And nine months after Obama took office, the clandestine gunwalking program was off to the races. It was their only hope of changing the political realities faced by the gun ban advocates. That it didn't succeed is not for lack of trying. Only now they have to face the music, and the judgment of a rightfully wrathful people.
Note that line well:"We had a plan to move from enforcement to policy to politics without anybody noticing, and that's what we did." Law enforcement that starts playing this game is violating ethics, is violating what LE is supposed to be; and anyone/everyone involved in this cannot be trusted. At all. And should have been fired the moment they stepped over the line.
5) Police seek and preserve public favor not by catering to public opinion, but by constantly demonstrating absolute impartial service to the law is one of Peel's 9 Principles; I'd say ATF violated that bigtime. And in Gunwalker we're seeing one of the consequences of them getting away with this crap for so long.


Be it noted, Holder & ATF & Co. are trying to set up Gunwalker as a personnel matter: "See, we're dealing with this; now go away and stop annoying us."

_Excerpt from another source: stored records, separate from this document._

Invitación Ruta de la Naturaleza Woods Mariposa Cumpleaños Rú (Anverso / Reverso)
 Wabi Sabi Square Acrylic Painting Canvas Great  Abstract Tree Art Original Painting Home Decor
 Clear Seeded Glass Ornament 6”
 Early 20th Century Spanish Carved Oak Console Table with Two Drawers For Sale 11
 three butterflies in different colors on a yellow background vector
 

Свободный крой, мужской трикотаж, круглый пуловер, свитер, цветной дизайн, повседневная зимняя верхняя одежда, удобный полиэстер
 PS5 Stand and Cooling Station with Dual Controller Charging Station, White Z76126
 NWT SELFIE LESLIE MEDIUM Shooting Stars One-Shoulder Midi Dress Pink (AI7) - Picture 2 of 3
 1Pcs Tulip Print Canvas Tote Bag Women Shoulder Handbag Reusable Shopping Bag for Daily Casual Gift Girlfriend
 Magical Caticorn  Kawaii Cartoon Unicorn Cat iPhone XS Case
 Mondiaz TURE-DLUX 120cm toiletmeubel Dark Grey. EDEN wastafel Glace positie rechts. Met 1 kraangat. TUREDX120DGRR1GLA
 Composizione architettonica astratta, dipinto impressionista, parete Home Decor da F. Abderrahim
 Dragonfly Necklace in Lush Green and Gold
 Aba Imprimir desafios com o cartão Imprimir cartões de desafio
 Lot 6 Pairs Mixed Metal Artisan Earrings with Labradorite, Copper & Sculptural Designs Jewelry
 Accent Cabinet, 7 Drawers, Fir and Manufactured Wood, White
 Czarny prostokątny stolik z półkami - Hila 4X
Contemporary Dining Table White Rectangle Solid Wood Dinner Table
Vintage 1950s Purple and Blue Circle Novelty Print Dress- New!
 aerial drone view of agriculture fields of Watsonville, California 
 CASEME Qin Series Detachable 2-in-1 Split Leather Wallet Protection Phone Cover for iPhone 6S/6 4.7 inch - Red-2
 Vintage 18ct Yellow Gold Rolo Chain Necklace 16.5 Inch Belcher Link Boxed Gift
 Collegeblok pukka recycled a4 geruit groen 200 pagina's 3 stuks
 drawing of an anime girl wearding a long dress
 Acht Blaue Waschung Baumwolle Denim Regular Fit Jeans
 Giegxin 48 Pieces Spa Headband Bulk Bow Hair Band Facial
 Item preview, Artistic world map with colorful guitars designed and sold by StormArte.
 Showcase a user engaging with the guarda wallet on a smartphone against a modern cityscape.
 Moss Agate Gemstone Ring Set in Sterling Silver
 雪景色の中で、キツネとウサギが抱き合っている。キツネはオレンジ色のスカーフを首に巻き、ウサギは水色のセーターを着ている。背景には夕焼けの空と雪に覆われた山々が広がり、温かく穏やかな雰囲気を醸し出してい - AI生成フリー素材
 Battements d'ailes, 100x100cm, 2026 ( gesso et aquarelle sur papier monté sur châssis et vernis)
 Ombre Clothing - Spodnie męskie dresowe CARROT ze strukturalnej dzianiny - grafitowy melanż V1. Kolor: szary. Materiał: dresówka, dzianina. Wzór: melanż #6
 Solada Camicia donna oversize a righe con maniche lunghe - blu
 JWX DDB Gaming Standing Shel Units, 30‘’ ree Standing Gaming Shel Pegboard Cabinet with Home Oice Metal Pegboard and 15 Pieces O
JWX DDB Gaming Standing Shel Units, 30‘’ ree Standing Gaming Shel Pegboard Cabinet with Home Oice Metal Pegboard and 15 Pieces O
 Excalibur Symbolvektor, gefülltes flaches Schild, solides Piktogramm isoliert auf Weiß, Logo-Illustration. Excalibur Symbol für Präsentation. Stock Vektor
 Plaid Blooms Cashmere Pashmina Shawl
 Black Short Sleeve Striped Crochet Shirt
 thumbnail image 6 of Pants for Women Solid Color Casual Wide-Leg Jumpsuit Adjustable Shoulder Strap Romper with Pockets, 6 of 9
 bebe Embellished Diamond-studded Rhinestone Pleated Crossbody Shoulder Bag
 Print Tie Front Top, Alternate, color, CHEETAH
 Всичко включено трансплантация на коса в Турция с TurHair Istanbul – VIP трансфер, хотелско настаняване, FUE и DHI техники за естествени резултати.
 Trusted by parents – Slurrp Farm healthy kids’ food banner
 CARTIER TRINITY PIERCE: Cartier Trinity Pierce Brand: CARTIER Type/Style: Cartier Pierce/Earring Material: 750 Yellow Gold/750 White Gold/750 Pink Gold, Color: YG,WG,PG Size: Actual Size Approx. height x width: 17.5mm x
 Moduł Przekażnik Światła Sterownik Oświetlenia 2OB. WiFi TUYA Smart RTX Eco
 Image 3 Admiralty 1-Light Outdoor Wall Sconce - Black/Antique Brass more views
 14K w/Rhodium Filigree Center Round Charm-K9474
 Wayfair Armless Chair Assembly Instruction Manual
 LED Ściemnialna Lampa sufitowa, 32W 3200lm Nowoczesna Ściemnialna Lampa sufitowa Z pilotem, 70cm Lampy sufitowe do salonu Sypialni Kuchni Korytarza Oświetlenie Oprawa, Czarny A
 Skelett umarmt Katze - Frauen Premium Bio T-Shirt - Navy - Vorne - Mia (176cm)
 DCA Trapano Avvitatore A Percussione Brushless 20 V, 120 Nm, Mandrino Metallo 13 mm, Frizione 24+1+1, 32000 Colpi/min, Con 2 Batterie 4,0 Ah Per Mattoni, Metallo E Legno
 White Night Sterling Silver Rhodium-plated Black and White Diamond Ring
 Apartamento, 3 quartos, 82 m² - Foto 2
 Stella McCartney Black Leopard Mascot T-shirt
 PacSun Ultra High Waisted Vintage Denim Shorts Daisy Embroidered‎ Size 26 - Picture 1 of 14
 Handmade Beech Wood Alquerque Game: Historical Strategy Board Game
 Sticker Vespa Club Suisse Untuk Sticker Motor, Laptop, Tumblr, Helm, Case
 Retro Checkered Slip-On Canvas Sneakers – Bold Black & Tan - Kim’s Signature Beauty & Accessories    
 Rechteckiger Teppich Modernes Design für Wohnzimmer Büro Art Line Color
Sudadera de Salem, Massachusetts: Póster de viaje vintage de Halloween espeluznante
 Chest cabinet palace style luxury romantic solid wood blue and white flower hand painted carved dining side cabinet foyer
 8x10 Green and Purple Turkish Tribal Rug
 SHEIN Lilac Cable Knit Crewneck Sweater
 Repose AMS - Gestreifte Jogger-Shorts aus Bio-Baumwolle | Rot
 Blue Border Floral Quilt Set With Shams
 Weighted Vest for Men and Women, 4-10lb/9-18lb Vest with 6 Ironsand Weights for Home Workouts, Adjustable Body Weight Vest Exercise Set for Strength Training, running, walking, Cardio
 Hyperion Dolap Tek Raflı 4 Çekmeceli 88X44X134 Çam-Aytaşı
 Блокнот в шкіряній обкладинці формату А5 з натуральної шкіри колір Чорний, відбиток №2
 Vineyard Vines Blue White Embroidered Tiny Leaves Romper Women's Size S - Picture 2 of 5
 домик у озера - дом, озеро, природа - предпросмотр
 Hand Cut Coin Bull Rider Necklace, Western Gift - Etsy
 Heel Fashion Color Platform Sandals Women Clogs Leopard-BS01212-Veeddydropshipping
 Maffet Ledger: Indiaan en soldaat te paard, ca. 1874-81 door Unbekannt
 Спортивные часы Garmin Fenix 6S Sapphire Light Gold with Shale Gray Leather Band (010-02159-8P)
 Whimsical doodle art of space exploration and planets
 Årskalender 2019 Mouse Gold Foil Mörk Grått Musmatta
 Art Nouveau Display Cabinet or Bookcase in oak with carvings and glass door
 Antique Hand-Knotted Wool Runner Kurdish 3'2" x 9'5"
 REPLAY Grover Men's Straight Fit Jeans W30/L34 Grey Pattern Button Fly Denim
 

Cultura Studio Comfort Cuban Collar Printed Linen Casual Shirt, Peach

Associated matter: "It was to make sure security measures are in place and properly followed," Milligan said. And it had NOTHING to do with getting people used to openly-armed federal agents 'securing' buildings and saying "Papers, please."
According to one Homeland official in the Washington, D.C. office, Operation Shield. is an effort that uses routine, unannounced visits by FPS inspectors to test the effectiveness of contract guards, or protective security officers -- "detecting the presence of unauthorized persons and potentially disruptive or dangerous activities."
Yeah. Because it requires a display of armed/armored agents to do that.